## [RECORDS TO USE]
---

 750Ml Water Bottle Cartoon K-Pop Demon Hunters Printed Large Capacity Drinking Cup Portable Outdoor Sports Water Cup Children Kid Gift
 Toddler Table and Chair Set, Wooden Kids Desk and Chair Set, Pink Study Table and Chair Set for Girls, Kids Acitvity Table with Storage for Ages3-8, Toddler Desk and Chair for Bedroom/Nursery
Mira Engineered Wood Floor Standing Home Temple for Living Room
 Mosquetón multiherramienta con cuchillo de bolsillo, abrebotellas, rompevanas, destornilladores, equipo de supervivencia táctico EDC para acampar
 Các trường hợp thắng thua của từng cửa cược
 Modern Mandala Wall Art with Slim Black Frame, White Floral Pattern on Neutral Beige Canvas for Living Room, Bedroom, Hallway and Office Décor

---

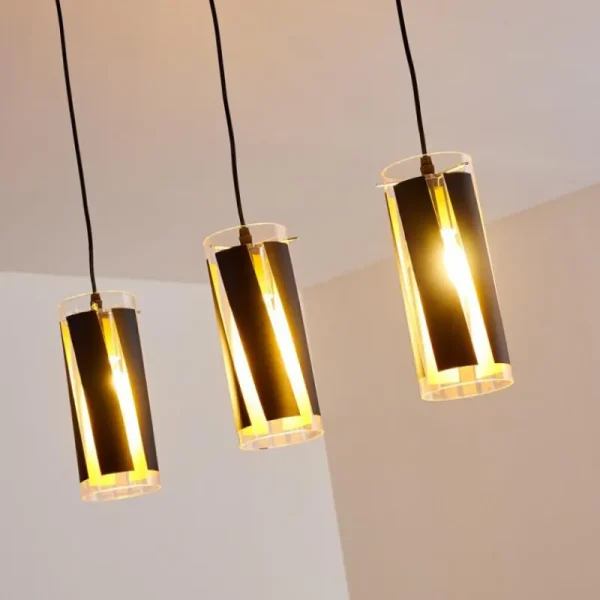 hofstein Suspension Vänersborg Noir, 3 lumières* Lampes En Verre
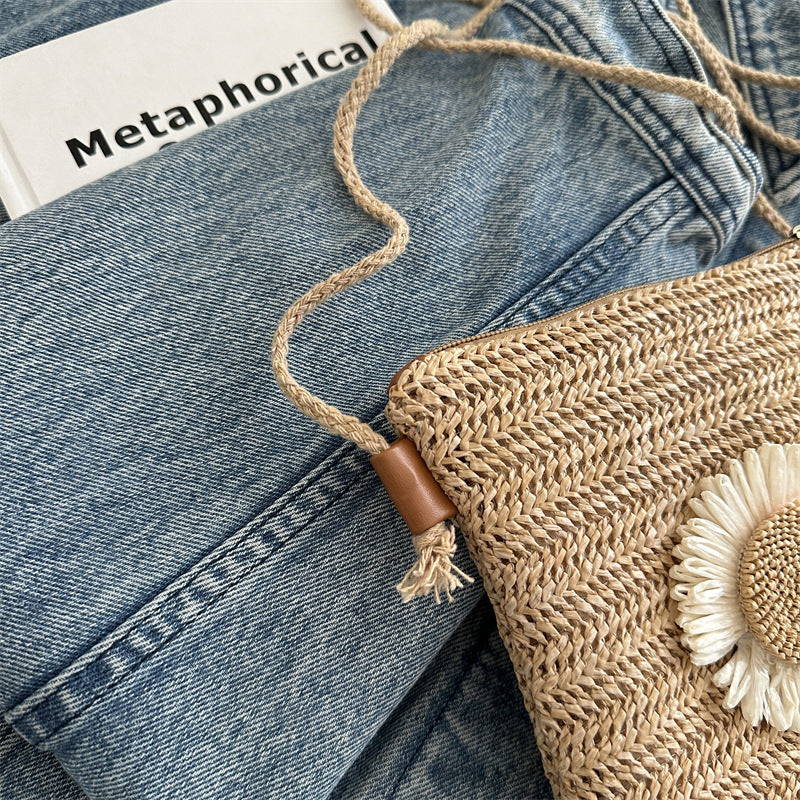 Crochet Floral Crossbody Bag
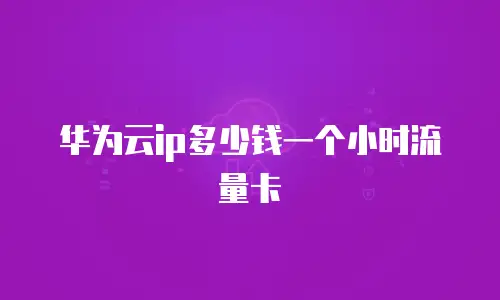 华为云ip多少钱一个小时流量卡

---

## [GOAL OF THE EXERCISE]
Your answer should be the lines above from the one containing "Các trường hợp thắng thua của từng cửa cược" through the one containing "Modern Mandala Wall", copied exactly and with both ends kept.

## [OUTPUT FOR THIS EXERCISE]
 Các trường hợp thắng thua của từng cửa cược
 Modern Mandala Wall Art with Slim Black Frame, White Floral Pattern on Neutral Beige Canvas for Living Room, Bedroom, Hallway and Office Décor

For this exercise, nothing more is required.